**Given data**
========================================

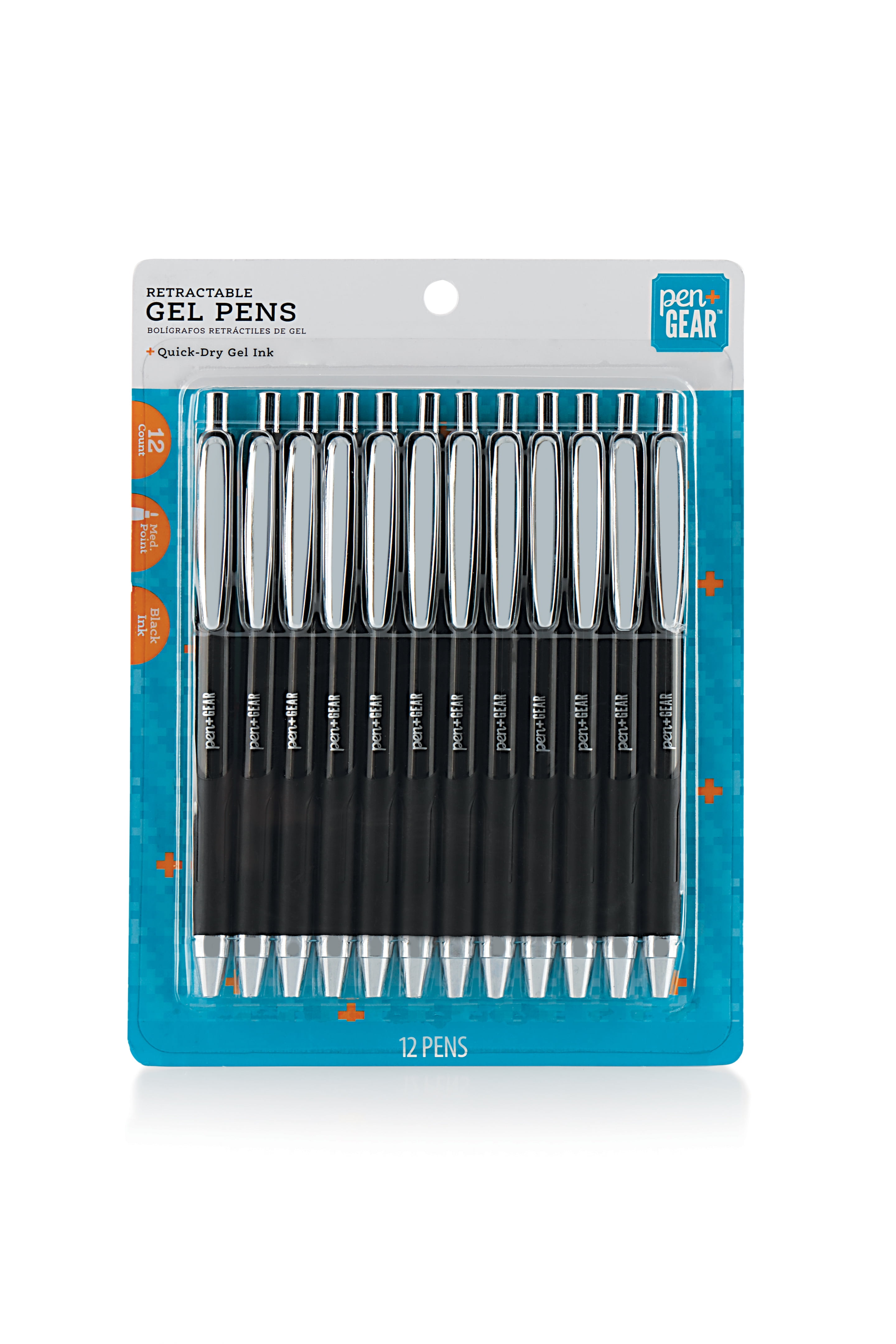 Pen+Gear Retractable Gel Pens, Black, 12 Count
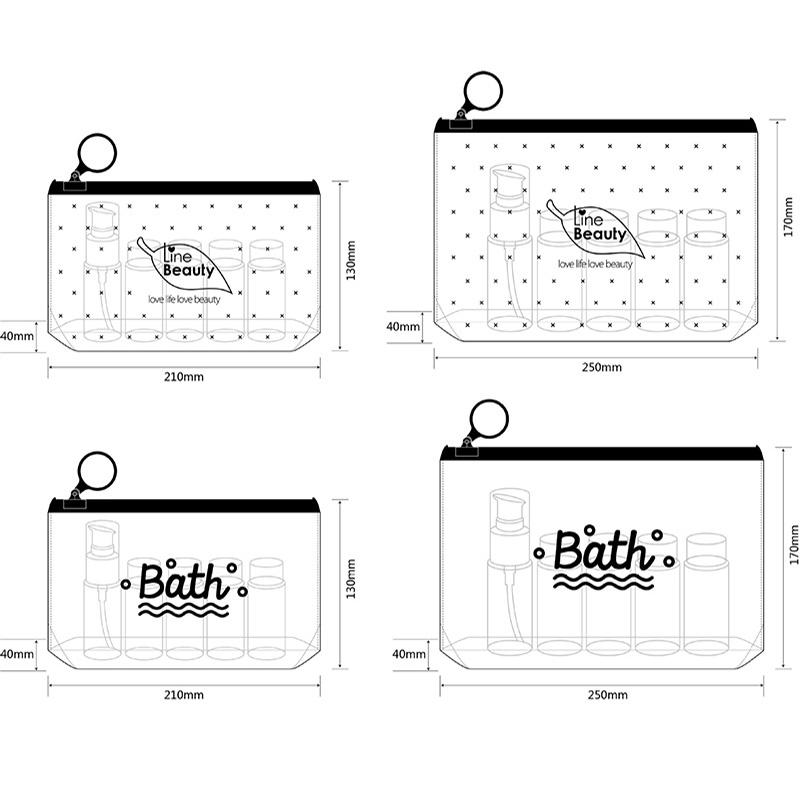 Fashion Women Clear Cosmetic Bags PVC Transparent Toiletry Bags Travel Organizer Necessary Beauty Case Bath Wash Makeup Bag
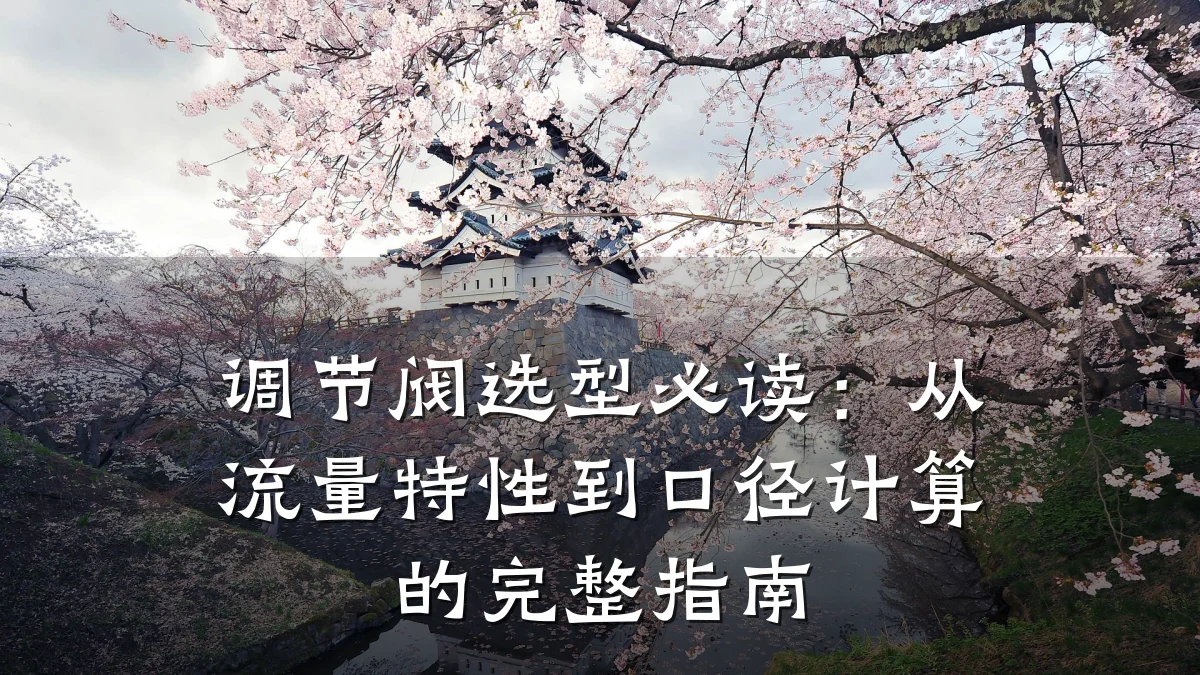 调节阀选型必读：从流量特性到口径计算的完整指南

========================================

**Action item**
Each line of the listing must be restated word for word, and the pictures left out.

**Written answer**
 Pen+Gear Retractable Gel Pens, Black, 12 Count
 Fashion Women Clear Cosmetic Bags PVC Transparent Toiletry Bags Travel Organizer Necessary Beauty Case Bath Wash Makeup Bag
 调节阀选型必读：从流量特性到口径计算的完整指南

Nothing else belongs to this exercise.